Art as Refuge
By Daphne Hsu
November 4, 2001
One of Kiyomi’s woodblock prints, to be sold in Art is Healing Event
Kiyomi Price listened to phantom voices.
In December 1994, Price did not have many friends and she found comfort in the voices. They told her to quit her part-time jobs and drive. She obeyed. For a month, she drove through Oakland, Piedmont. Richmond and other cities. Her funds dwindled and she became homeless. She went to a welfare office at the end of January.
At a program for the homeless, she was finally diagnosed with schizophrenia.
Three years later. Price was helping others with mental illnesses at a an art program where she had been enrolled.
She is still an art instructor with Asian Community Mental Health Services, a nonprofit organization based in Oakland. The art program, which began in 1997, helps mentally ill and developmentally disabled people. It helps people, who have been admitted to the hospital multiple times, become well enough to find employment.
Although the result is healing, the program can be viewed as a collective art group rather a therapy session.
The program was a refuge for Elliot Nuval, a 34-year-old who had schizophrenia for years before he sought help.

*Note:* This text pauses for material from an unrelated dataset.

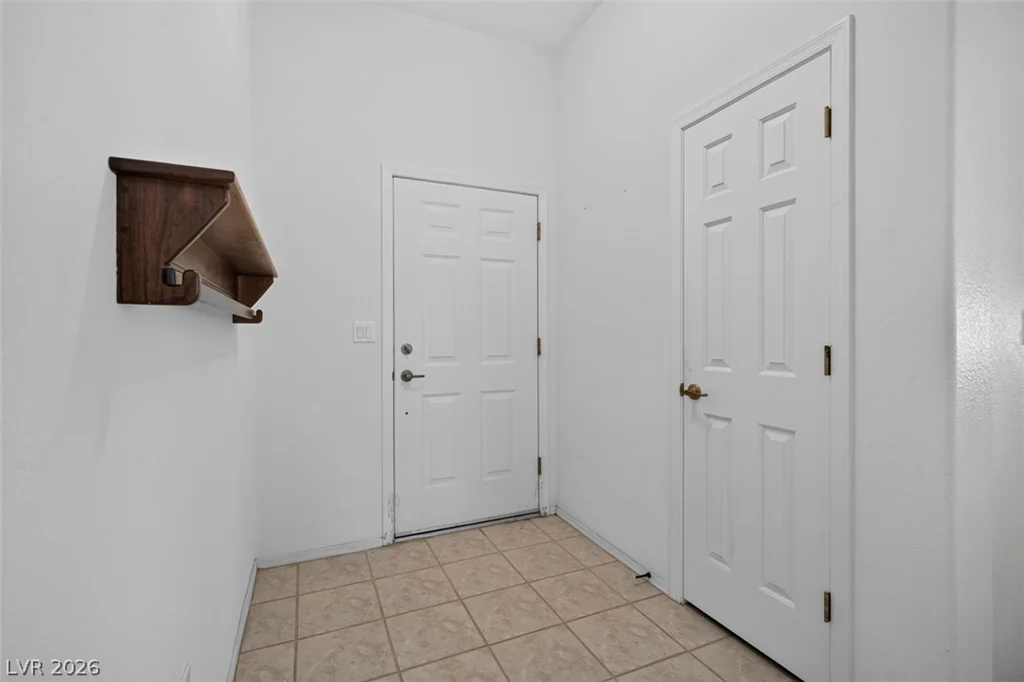 493 Dalgreen, Henderson, NV 89012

“I just wanted to find out who I was – to look for a place, a sense o fbelonging, like a clubhouse,” Nuval said. “I wanted to put some structure in my daily life. Coming here helped me to socialize, and just have fun and share my talents.”
Nuval has participated in the art program since its inception and continues to create there. He also works once a week at the Neighborhood Learning Center on International Boulevard where the art program is held.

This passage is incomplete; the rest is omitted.